(Beginning of Records for this exercise)

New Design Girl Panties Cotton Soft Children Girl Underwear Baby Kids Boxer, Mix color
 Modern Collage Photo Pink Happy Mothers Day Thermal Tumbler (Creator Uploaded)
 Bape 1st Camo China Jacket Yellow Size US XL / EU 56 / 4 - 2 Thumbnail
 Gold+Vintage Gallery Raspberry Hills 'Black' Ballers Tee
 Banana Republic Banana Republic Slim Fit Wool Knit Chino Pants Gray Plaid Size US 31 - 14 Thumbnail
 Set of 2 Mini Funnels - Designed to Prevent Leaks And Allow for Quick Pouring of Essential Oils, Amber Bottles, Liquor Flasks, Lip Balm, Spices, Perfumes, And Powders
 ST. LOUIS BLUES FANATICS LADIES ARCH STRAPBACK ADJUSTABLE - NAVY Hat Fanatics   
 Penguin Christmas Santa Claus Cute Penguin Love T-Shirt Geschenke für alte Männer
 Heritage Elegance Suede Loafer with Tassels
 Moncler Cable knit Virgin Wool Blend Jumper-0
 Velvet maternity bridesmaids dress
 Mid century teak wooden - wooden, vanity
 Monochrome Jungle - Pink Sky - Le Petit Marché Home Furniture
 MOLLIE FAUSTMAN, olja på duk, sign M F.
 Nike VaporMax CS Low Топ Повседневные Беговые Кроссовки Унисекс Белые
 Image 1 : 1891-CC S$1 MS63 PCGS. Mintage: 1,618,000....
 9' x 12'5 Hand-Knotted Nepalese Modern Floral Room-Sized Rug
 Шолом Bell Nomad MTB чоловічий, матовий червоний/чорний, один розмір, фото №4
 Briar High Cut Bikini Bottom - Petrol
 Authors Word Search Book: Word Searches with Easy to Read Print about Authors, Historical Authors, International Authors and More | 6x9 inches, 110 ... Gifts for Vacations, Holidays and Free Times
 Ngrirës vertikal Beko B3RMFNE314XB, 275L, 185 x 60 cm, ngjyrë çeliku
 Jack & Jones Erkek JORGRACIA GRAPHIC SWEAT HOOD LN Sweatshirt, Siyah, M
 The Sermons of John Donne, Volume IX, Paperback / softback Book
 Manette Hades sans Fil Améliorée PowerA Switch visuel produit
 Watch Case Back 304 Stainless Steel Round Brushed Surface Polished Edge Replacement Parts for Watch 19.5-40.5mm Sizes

(End of Records for this exercise)

▸ **What needs to be done**
From the first line above through the line that contains "Mid century teak wooden - wooden, vanity", quote each line exactly. Output nothing more.

▸ **Exercise output**
New Design Girl Panties Cotton Soft Children Girl Underwear Baby Kids Boxer, Mix color
 Modern Collage Photo Pink Happy Mothers Day Thermal Tumbler (Creator Uploaded)
 Bape 1st Camo China Jacket Yellow Size US XL / EU 56 / 4 - 2 Thumbnail
 Gold+Vintage Gallery Raspberry Hills 'Black' Ballers Tee
 Banana Republic Banana Republic Slim Fit Wool Knit Chino Pants Gray Plaid Size US 31 - 14 Thumbnail
 Set of 2 Mini Funnels - Designed to Prevent Leaks And Allow for Quick Pouring of Essential Oils, Amber Bottles, Liquor Flasks, Lip Balm, Spices, Perfumes, And Powders
 ST. LOUIS BLUES FANATICS LADIES ARCH STRAPBACK ADJUSTABLE - NAVY Hat Fanatics   
 Penguin Christmas Santa Claus Cute Penguin Love T-Shirt Geschenke für alte Männer
 Heritage Elegance Suede Loafer with Tassels
 Moncler Cable knit Virgin Wool Blend Jumper-0
 Velvet maternity bridesmaids dress
 Mid century teak wooden - wooden, vanity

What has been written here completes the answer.